I'm not following this at all. If 1/0 is infinite then 1/infinite = 0. Where did you get - 1/0? And why do you say that 1/infinite is undefined?

16. Jul 3, 2011

### mibaokula

how would this equation work in terms of particles like the tachyon which moves at superluminal speeds (assuming it exists - which it probably doesn't)

17. Jul 3, 2011

### Staff: Mentor

It still works for tachyons, but E, p, and m are all imaginary numbers.

18. Jul 3, 2011

### mibaokula

awesome, thanks again for the quick reply. i am somewhat enlightened.
although i'm sure that energy cannot be imaginary.

19. Jul 3, 2011

### Staff: Mentor

But you're OK with imaginary momentum and mass?

20. Jul 3, 2011

### mibaokula

i guess you're right. its all crazy!!
i suppose negative or imaginary mass would sum up to gravity having a repulsive effect or something. i guess that's feasible. if mass is imaginary then using any momentum equation:
p=mv or planck's constant/lambda; i suppose the momentum also is imaginary.
but the energy works out to be imaginary too (according to your equation) and that surely cant be right?
if you slot the numbers into the original equation i had before, you get a complex number divided by a complex number - a real number. how does that work??
surely tachyons cause the equations to lose their meaning - my main reason for thinking they don't exist

21. Jul 3, 2011

### mibaokula

try typing 1/0 into a calculator - its undefined. if you think about it this way, even if you had an infinite number of "zeros" you cannot get 1 - hence its not infinity but undefined.

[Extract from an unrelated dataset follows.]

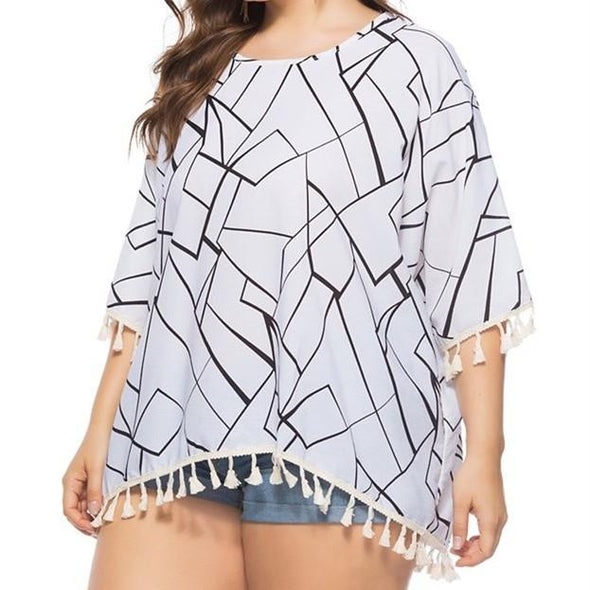 Bell sleeve Geometry Print Tassel Plus size Tops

likewise with 0/0, you might think that the answer is infinity as the other guys said there are many answers - infinite answers not just infinity. 1 x 0 is 0. 2 x 0 is 0. 3 x 0 is 0 and so on using this same logic.

so back to my original question, although its been answered, using that particular equation, photons must have an undefined amount of energy

22. Jul 3, 2011

### mibaokula

i think (if einstein's special relativity is right), they are dependent on each other. for any object to travel at c m/s, it must have no mass. so if you plug the numbers in the equation, you get 0/0 - which sure is confusing!

23. Jul 3, 2011

### atyy

In my understanding, the idea that massless particles can travel at the speed of light isn't a purely classical idea. In classical physics, light is a wave, not a particle. So the 0/0 thing is a "heuristic".

With quantum physics, everything becomes a wave, and the "mass" of a particle is seen to be a property of a wave. In this framework, since some waves have "mass", then light can be massless. However, there is no 0/0 - what this means is that all frequencies of light travel at the same speed. A massive particle is a wave in which different frequencies (energies) travel at different speeds.

24. Jul 3, 2011

### mibaokula

dunno about that but in the standard model, the "photon" has a mass of zero. so i kinda put that in the equation. i do not believe any electromagnetic wave has a mass although they can have momentum depending on their wavelength

25. Jul 3, 2011

### atyy

A massless photon simply means that all frequencies of light travel at the same speed. The equation is not strictly valid for massless particles, although it is suggestive that such particles can exist.